Far from being a short-term trend, sustainable investing is set to become a long-term growth story for the Asia-Pacific region, a new report finds.

Other than banks, insurers and digital advisers are also likely start onboarding environmental, social, and governance (ESG) products on their shelves this year, bolstered by strong demand from wealthy investors, Cerulli Associates says.

Three-quarters of distributors in Asia ex-Japan said in a survey that high-net-worth and ultra-high-net-worth clients are driving sustainable investments in the region, and that some mass retail investors have also “shown interest” in ESG products, Cerulli says.

While net flows into locally-domiciled ESG funds plunged to US$2.3 billion during the first half of 2022, or just a little over 7% of the total amount raised during 2021, Cerulli says it does not expect ESG investing to fall out of favour in the region. The below-average numbers from the first two quarters of 2022 can be attributed to regulatory initiatives across the region that aims to address greenwashing.
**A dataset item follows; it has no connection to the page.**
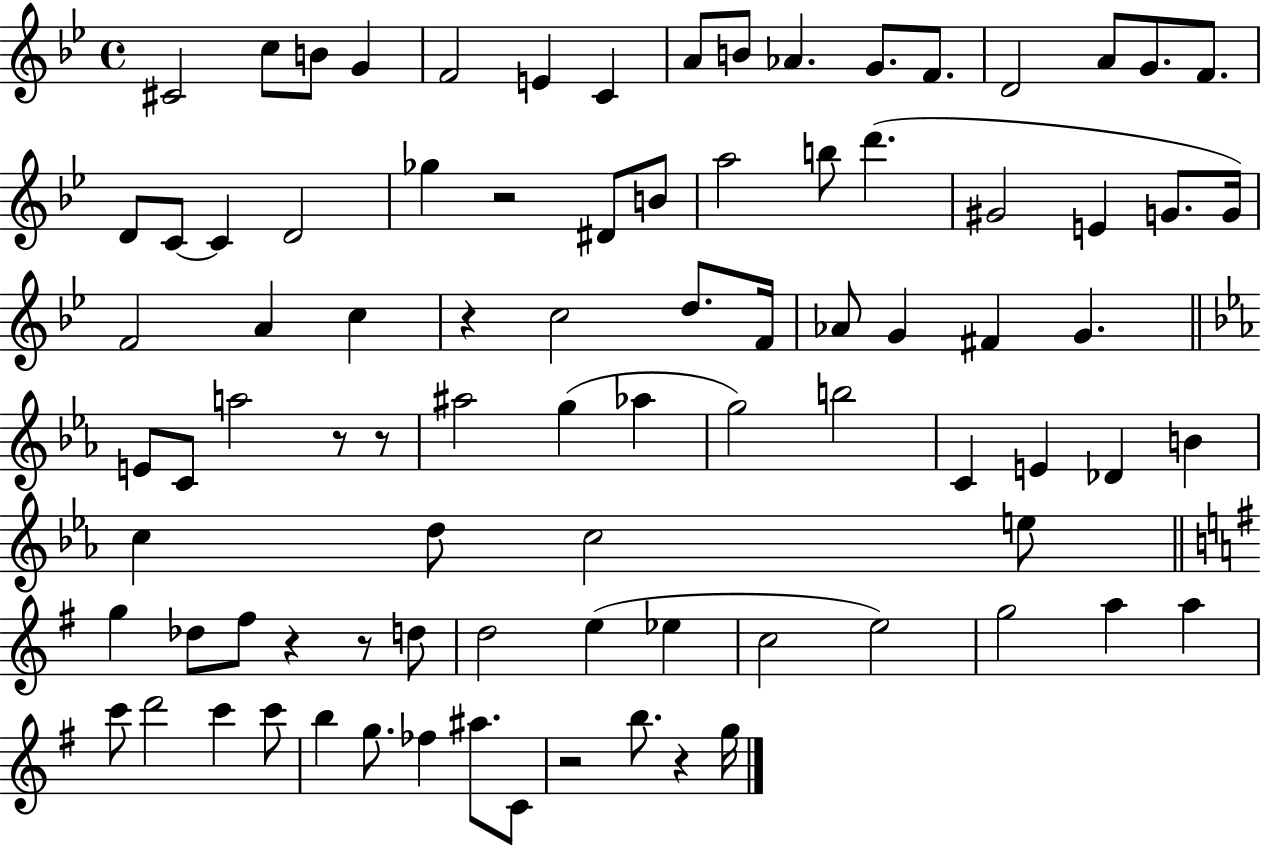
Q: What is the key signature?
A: BES major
Challenging market conditions also had an effect on lower capital deployed to ESG products during the period. 

Distribution deals

Leena Dagade, Cerulli’s Singapore-based associate director, says research also indicates that over the long term, most funds will be ESG-integrated already, and innovation will instead take place in sustainability-themed strategies.

“As the number of ESG products increases, positioning of fund ideas and marketing will need to be more focused to gain investors’ interest, while there should be continued dialogue with distribution partners to educate them about ESG and thematic investing,” Degade adds. 
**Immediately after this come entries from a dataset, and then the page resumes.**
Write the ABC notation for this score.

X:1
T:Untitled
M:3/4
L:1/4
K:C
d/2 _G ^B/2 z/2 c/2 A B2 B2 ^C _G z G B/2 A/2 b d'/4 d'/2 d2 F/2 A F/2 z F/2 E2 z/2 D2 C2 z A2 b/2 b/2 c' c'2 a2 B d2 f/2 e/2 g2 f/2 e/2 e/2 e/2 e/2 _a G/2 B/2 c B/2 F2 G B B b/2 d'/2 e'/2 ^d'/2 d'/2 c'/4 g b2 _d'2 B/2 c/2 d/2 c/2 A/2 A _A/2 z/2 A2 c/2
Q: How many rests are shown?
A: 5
Meanwhile, in terms of innovations in distribution models, Cerulli says some fund managers, particularly in Singapore and Hong Kong, are looking to gain a foothold by inking exclusive ESG product distribution agreements with local banks. 
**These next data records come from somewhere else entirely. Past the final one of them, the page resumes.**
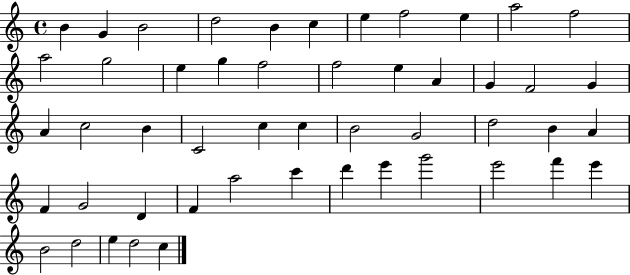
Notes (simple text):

B4/q G4/q B4/h D5/h B4/q C5/q E5/q F5/h E5/q A5/h F5/h A5/h G5/h E5/q G5/q F5/h F5/h E5/q A4/q G4/q F4/h G4/q A4/q C5/h B4/q C4/h C5/q C5/q B4/h G4/h D5/h B4/q A4/q F4/q G4/h D4/q F4/q A5/h C6/q D6/q E6/q G6/h E6/h F6/q E6/q B4/h D5/h E5/q D5/h C5/q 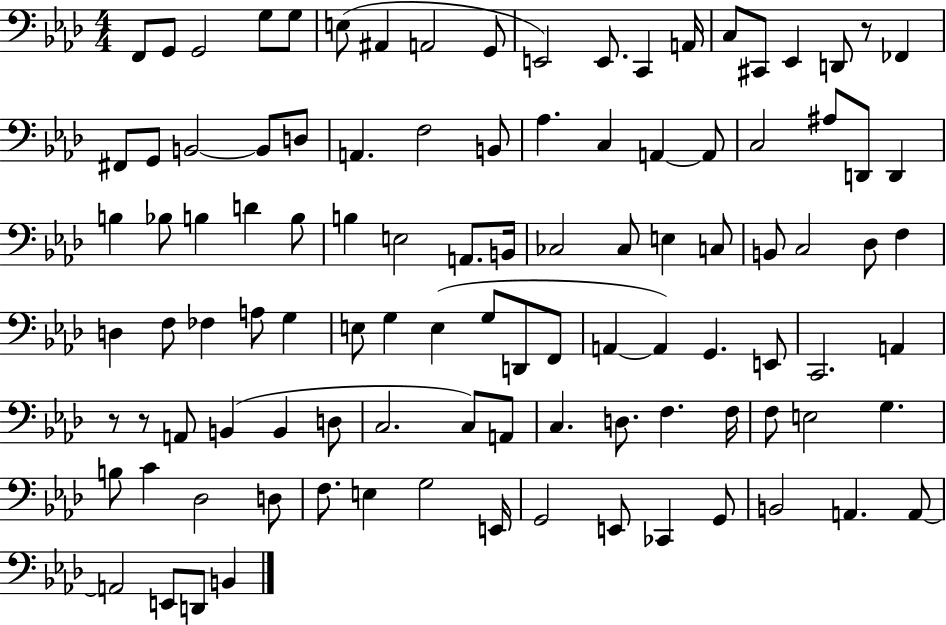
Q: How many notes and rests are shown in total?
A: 104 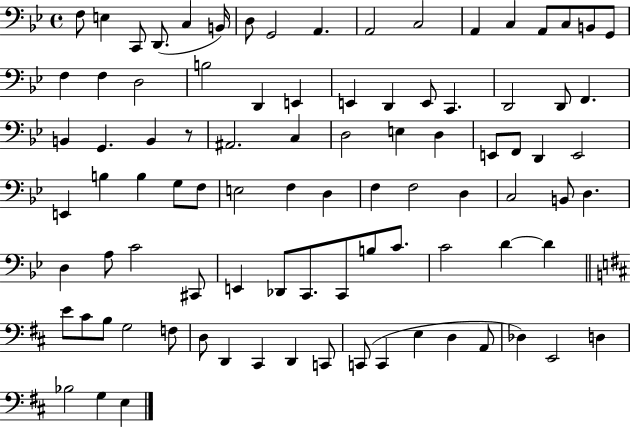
X:1
T:Untitled
M:4/4
L:1/4
K:Bb
F,/2 E, C,,/2 D,,/2 C, B,,/4 D,/2 G,,2 A,, A,,2 C,2 A,, C, A,,/2 C,/2 B,,/2 G,,/2 F, F, D,2 B,2 D,, E,, E,, D,, E,,/2 C,, D,,2 D,,/2 F,, B,, G,, B,, z/2 ^A,,2 C, D,2 E, D, E,,/2 F,,/2 D,, E,,2 E,, B, B, G,/2 F,/2 E,2 F, D, F, F,2 D, C,2 B,,/2 D, D, A,/2 C2 ^C,,/2 E,, _D,,/2 C,,/2 C,,/2 B,/2 C/2 C2 D D E/2 ^C/2 B,/2 G,2 F,/2 D,/2 D,, ^C,, D,, C,,/2 C,,/2 C,, E, D, A,,/2 _D, E,,2 D, _B,2 G, E,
This new distribution model will typically see banks exclusively distribute an asset management company’s product for a period of up to six months, Cerulli says, adding that the model means bank clients have exclusive access to some products.

On the other hand, Cerulli says asset managers in Taiwan and Singapore are looking to tie up with insurance companies to distribute their ESG products. 

Digital advisers

The firm has also noticed a rise in digital advisers expanding their offerings to include sustainability-themed investments. Since digital advisers typically cater to retail investors with small investable funds, these types of partnerships allow fund houses to experiment with bundling sustainability-linked products with low-cost offerings. 

An example of a digital adviser branching out to ESG products is StashAway, which introduced two new products in February 2022 – the Environment and Cleantech Thematic Portfolio and the Responsible Investing Portfolio. 

Both portfolios are made up of exchange-traded funds (ETFs) from some of the world’s top fund managers, such as iShares (managed by BlackRock), Amundi, ARK Invest, Global X, and VanEck. The products are currently available to StashAway clients in Singapore, Malaysia and the Middle East, as well as in Hong Kong and Thailand.

In the same report, Cerulli says it is confident more APAC investors will allocate a portion of their assets to ESG funds as soon as markets stabilize. In turn, this will see more products registered in offshore markets like Singapore and Hong Kong.